May I add that additionally, thanks to a wide network of trails of all sizes, Broumovské stěny can be visited by bike or in winter on skis, which is not often possible in the other sandstone labyrinths.
Having visited Broumovské stěny only once and by a means of transportation mentioned above, I am not pretending to be an expert on the area and I don't know the names of the rocks by heart. Some of the rocks cannot be climbed (I saw prohibition signs) but some certainly can. Anyone willing to enrich this page with additional information will be granted editing rights with pleasure.
The southern part of the Broumovské stěny contains their highest summits as well as a stunning rock arch known as Kamenná brána (Stone Gate).

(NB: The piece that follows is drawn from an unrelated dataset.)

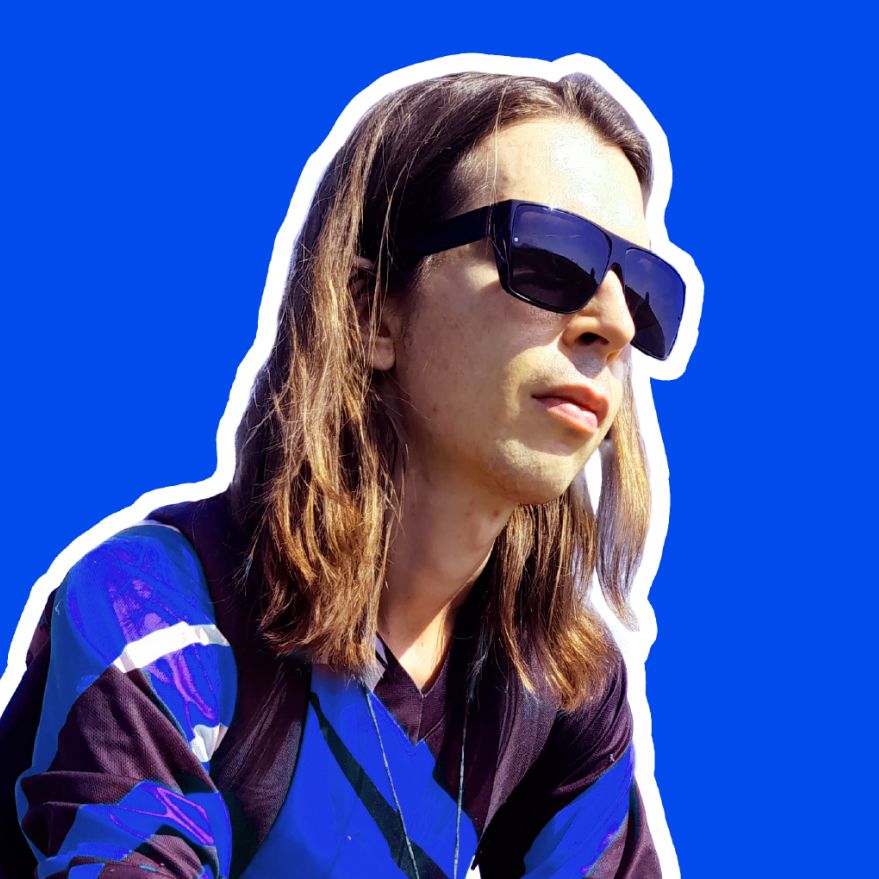 Аватар автора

The summit of Božanovský Špičák - at 773m the highest hill in the Broumov Walls - boasts several rock formations making up what is known as a "zoo" as well as providing views toward the Stołowe Mountains, southeast from Machov Pass (which sits at the foot of Božanovský Špičák). However, a much more attractive summit is Koruna (Crown), at 769m the second highest hill in the Broumov Walls. This is a captivating mountain, especially while viewed from the southeast. It rises over its foot by more than 300 metres (which means that it is actually taller than the highest summit nearby, Szczeliniec Wielki in the Stołowe Mountains), sports precipitous cliffs (and towers on its southwest side, visited by rock climbers), offers good views both north (across the Broumov Basin, towards the Javoří/Suche and Sowie Mountains) and southeast (towards the Stołowe Mountains) and has a nice patch of silvery beech woodland on its slopes.
Near the summit of Velká kupa (708m), about a half-hour walk west of Koruna (see the map in the Overview) sits one of the most interesting of the countless rock formations scatterred throughout the Broumow Walls: Kamenná brána, i.e. Stone Gate. The rock window is about 5 metres wide.
Convenient starting points for the hiker willing to explore the southern part of the Broumov Walls are Slavný or Božanov in the Czech republic, and Karłów or Radków in Poland.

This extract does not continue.